Transcribe the records exactly from the line with "thumbnail image 1" to the end, both included.

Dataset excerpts
....
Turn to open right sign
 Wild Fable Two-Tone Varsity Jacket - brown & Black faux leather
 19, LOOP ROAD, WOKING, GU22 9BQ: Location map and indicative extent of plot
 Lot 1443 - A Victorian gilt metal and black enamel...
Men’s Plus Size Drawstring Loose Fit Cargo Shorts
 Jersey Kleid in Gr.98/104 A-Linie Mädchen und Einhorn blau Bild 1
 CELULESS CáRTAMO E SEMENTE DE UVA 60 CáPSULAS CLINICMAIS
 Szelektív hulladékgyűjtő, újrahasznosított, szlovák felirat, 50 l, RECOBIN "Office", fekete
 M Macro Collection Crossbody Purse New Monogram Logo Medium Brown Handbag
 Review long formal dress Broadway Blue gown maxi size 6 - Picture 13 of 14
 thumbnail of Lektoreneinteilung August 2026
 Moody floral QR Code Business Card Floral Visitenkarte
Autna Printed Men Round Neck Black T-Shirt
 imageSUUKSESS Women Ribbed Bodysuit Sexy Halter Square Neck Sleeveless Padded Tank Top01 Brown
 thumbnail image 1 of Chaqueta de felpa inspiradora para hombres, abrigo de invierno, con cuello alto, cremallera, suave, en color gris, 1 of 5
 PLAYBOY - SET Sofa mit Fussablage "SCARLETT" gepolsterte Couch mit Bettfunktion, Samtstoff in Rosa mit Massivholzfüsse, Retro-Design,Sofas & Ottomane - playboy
....
## Written reply:
 thumbnail image 1 of Chaqueta de felpa inspiradora para hombres, abrigo de invierno, con cuello alto, cremallera, suave, en color gris, 1 of 5
 PLAYBOY - SET Sofa mit Fussablage "SCARLETT" gepolsterte Couch mit Bettfunktion, Samtstoff in Rosa mit Massivholzfüsse, Retro-Design,Sofas & Ottomane - playboy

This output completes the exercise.